Girl With Special Needs Will Get Perfect Prom

With help from a local dress shop, a girl with cerebral palsy goes to dance.

April 5, 2010— -- Ask any teen girl in high school and she will probably list prom among the many high school events to which she looks forward.

Dani Wilkening, 18, of Spring, Texas, is no different. But for Dani, who was diagnosed with cerebral palsy at 6 months, the dream of playing dress-up for the evening and dancing the night away with her classmates seemed almost impossible to her mother.

"The night that Dani was diagnosed with cerebral palsy, I woke up in the middle of the night and I cried. I said, 'My baby's never going to prom,'" said Dani's mom, Vicki Goodnight. "That was significant to me that she wasn't going to get all the milestones in life."

A senior at Oak Ridge High School in Conroe, Texas, Dani was determined to celebrate her prom. But Dani's confinement to a wheelchair made it impossible to try on dresses inside dress shops, said Goodnight. And her muscles had atrophied, so it would be hard to find an off-the-rack dress that fit properly.

But Dani's stepsister Brittany had bought a prom dress the year before at a shop called Dream Day Bridal in The Woodlands, Texas. The owner was Laurie Metcalf-Brock. Brittany took Dani there.

"In Dani's mind there was no doubt she was going to go, but the rest of us had questions," said Goodnight.

"It scared me when [Dani] came in because I never had this challenge," said Metcalf-Brock. "But I knew what could be done and can't be done."

Metcalf-Brock measured Dani and e-mailed her pictures of possible dresses. Once Dani picked one, the store would custom-make the dress to fit her.

For girls, dressing up for prom is more than just the dress. So for Dani's mother, the challenge was not over.

Metcalf-Brock, who said she understood the hardship, reached out to her hairdresser to see if she could help the family. Before long, there was a small flood of offers from local businesses to help prep Dani for her special day.

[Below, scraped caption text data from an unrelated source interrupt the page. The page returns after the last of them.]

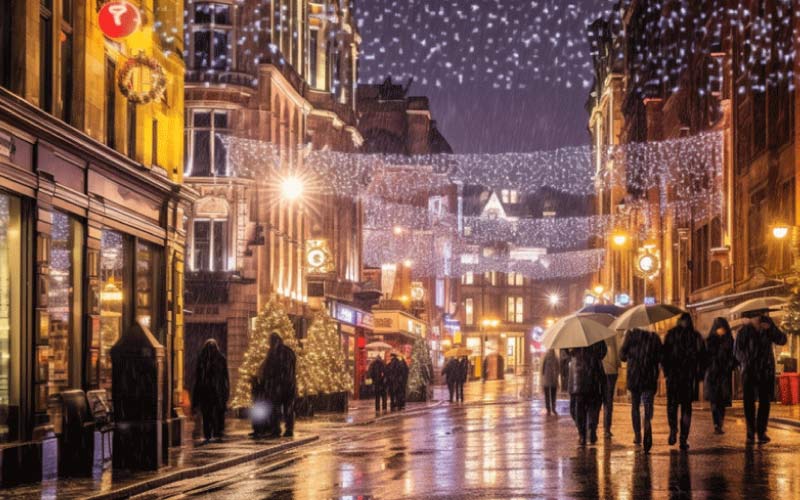 Manchester at night - festive street scene, with happy friends/family, visit Manchester, October 2024, UK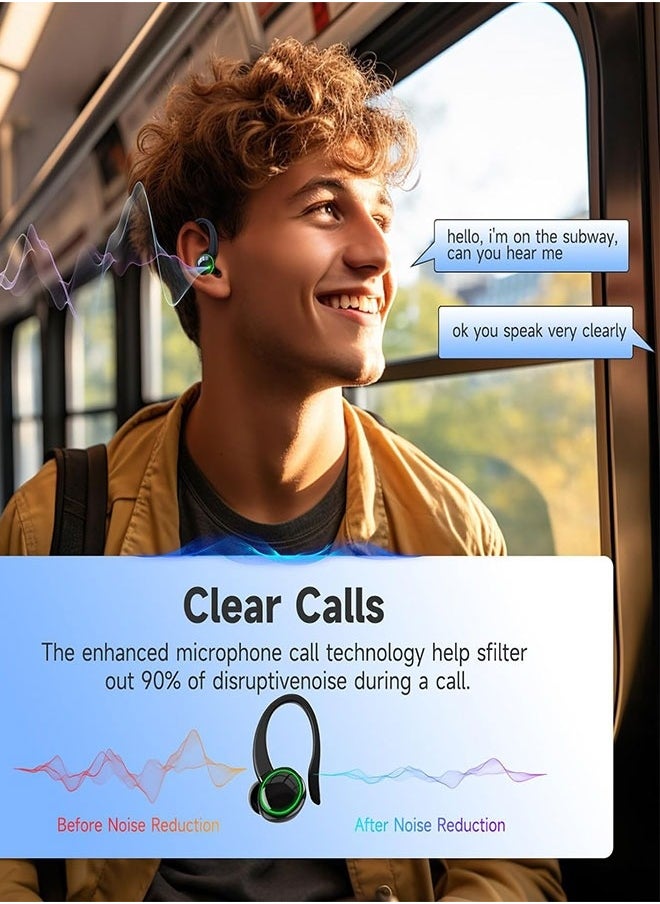 xozgdovg - C16 True Wireless Headphones, Bluetooth 5.3 TWS 3D Stereo with On-Ear Hooks, 48 Hours of Playback Time, Touch Controls with Dual LED Display, Built-in Microphone for Sports Running Workouts - Image 1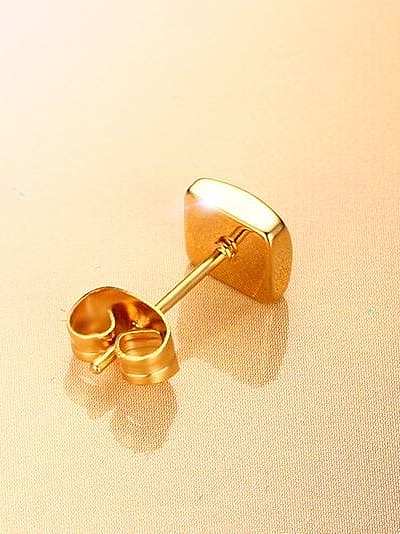 Fashionable Gold Plated Square Shaped Rhinestone Stud Earrings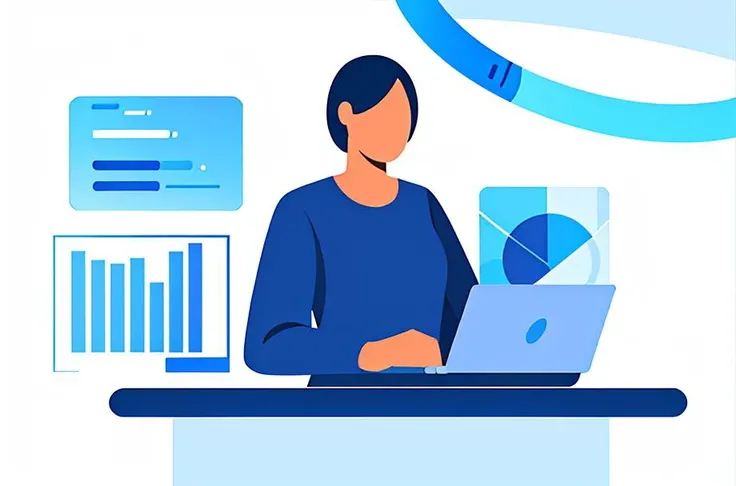 (masterpiece, best quality:1.3), 8k, 1girl, solo, upper body, standing, laptop, computer, faceless, white background, data chart, data, pie chart, flat color, no lineart, flat illustration, Vector diagram, minimalism, <lora:business data flat-v1.2:0.8>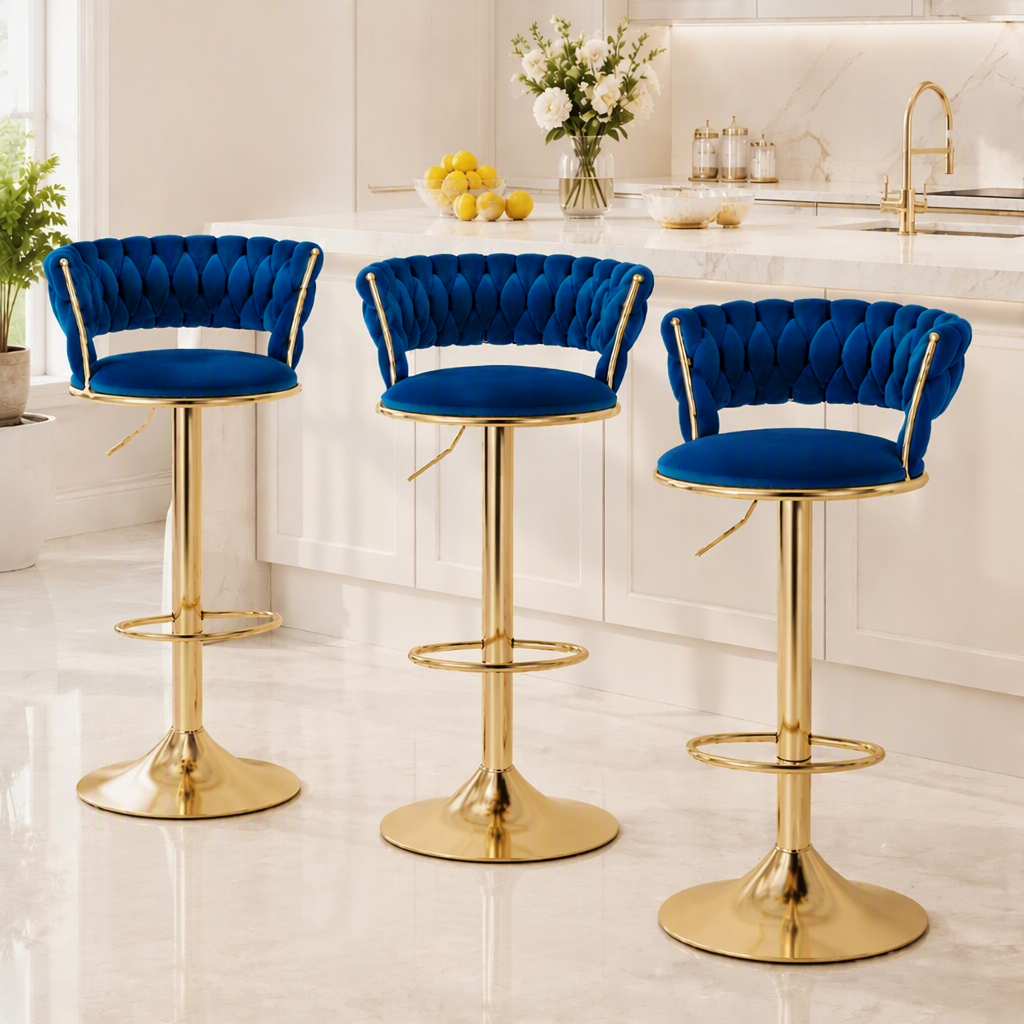 Artiss Vivien Set of 3 Bar Stools Gas Lift Swivel Velvet Woven Backrest Navy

"The big issue for us [on prom day] was logistically how we are going to get her dress on in one place, go and get her hair and makeup done at another, come back to the house and have to leave again," said Goodnight. "It is not that easy for someone like Dani."

So Metcalf-Brock decided she would close her dress shop on prom day and transform into Dani's personal dressing room.

"It made me cry, I was elated, I couldn't believe that somebody would care that much," said Goodnight. "[Dani] just sees that she might not have a date, but she'll be treated like a princess," she said.

On April 17, Dani plans to go to dinner with her sisters, then go to the prom like her classmates.

"I'm just tickled it's really made her day," said Metcalf-Brock. "She touched my heart when her sister brought her in. I had no idea when I started this that it would mean so much to her."